Single by Imagine Dragons
- Released: August 30, 2023
- Length: 3:28
- Label: Interscope; Kidinakorner;
- Songwriters: Dan Reynolds; Wayne Sermon; Ben McKee; Mattias Larsson; Robin Fredriksson; Inon Zur;
- Producers: Larsson; Fredriksson;

Imagine Dragons singles chronology
| "Crushed" (2023) | "Children of the Sky" (2023) | "Eyes Closed" (2024) |

Music video
- "Children of the Sky" on YouTube

= Children of the Sky (song) =

2023 song by Imagine Dragons

"Children of the Sky" (a Starfield song), or simply "Children of the Sky", is a song by American rock band Imagine Dragons released as the soundtrack song for the Bethesda video game Starfield. It was released through Interscope Records and Kidinakorner on August 30, 2023. It is the fourth song by the band based on a video game following "Warriors" for the 2014 League of Legends World Championship, "Monster" for Infinity Blade III, and "Enemy" featuring JID for Arcane. The song is featured on the Japanese edition of the band's sixth studio album Loom (2024).

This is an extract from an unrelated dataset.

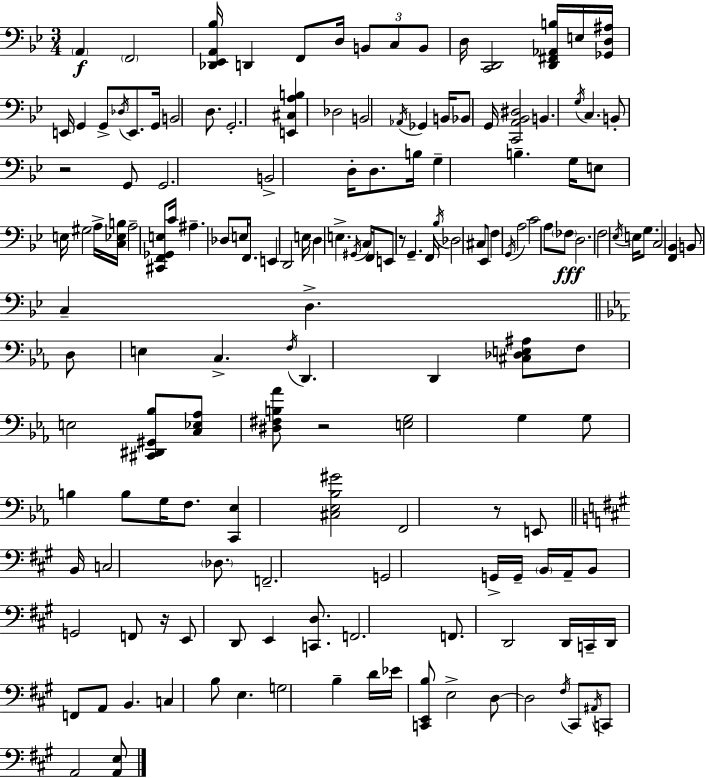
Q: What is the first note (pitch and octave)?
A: A2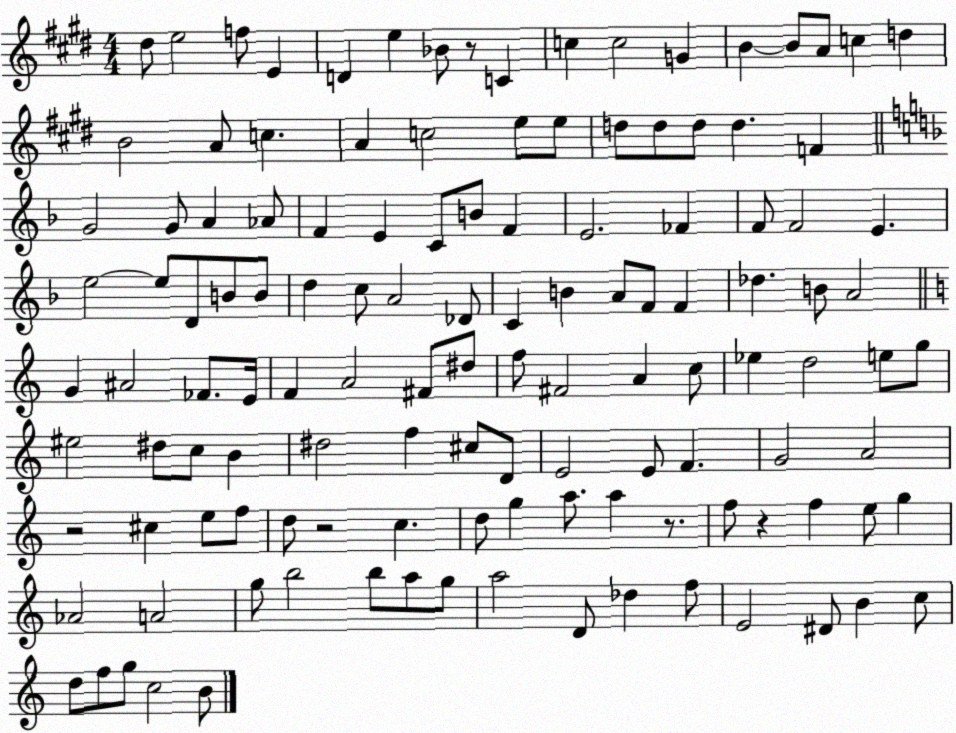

The song was used in the first musical broadcast to the Moon and back to Earth as part of the Intuitive Machines IM-2 moon lander mission.

== Background and composition ==
"Children of the Sky" was written by Dan Reynolds, Wayne Sermon, Ben McKee, Mattias Larsson, Robin Fredriksson, and Inon Zur. It was produced Larson and Fredriksson, co-produced by Bethesda Softworks, and mixed by Serban Ghenea. It is the first song released by the band to not feature Daniel Platzman since the band's EP It's Time in March 2011. Platzman would announce his permanent departure from the band in August 2024, after initially announcing a hiatus from touring the previous year. The song was first promoted on August 29, 2023 when the band posted the cover art of the song and "tomorrow" as a caption on social media. A countdown clock was also added to their official website set for 10 am EST. In a press release, Reynolds described the background of the song:

Bethesda created iconic games we’ve been playing for most of our lives, and we’re honored to have collaborated on this song for Starfield. The song, like the game, asks some of the most difficult questions we face as humans trying to find our place in the universe.”
— Dan Reynolds

==Music video==
The music video for "Children of the Sky" premiered on September 19, 2023 and was directed by FILFURY, with VFX done by Mister and color graded by Company 3. The video features a young boy dreaming about leaving Earth and embarking on a spaceship journey as an adult. He goes through hyperspace throughout the galaxy, eventually landing in a new and undiscovered planet while memories flash through his mind. The last shot is the boy opening his eyes, showing it was, indeed, a dream. The video's plot similarly reflects the gameplay of Starfield.

==Personnel==
Credits for "Children of the Sky" adapted from Apple Music.

Musicians
- Dan Reynolds – lead vocals
- Wayne Sermon – guitar, backing vocals
- Ben McKee – bass, backing vocals
- Mattman & Robin – keyboards, programming, synthesizer, drums
- Paul Taylor – orchestra
- Inon Zur – orchestra

Production
- Mattman & Robin – production
- Bethesda Softworks – co-production
- Serban Ghenea – mixing

==Charts==

Chart performance for "Children of the Sky"
| Chart (2023) | Peak position |
|---|---|
| France (SNEP) | 51 |
| New Zealand Hot Singles (RMNZ) | 33 |
| US Hot Rock & Alternative Songs (Billboard) | 41 |

== Certifications ==

Certifications for "Children of the Sky"
| Region | Certification | Certified units/sales |
| France (SNEP) | Gold | 100,000^{‡} |
^{‡} Sales+streaming figures based on certification alone.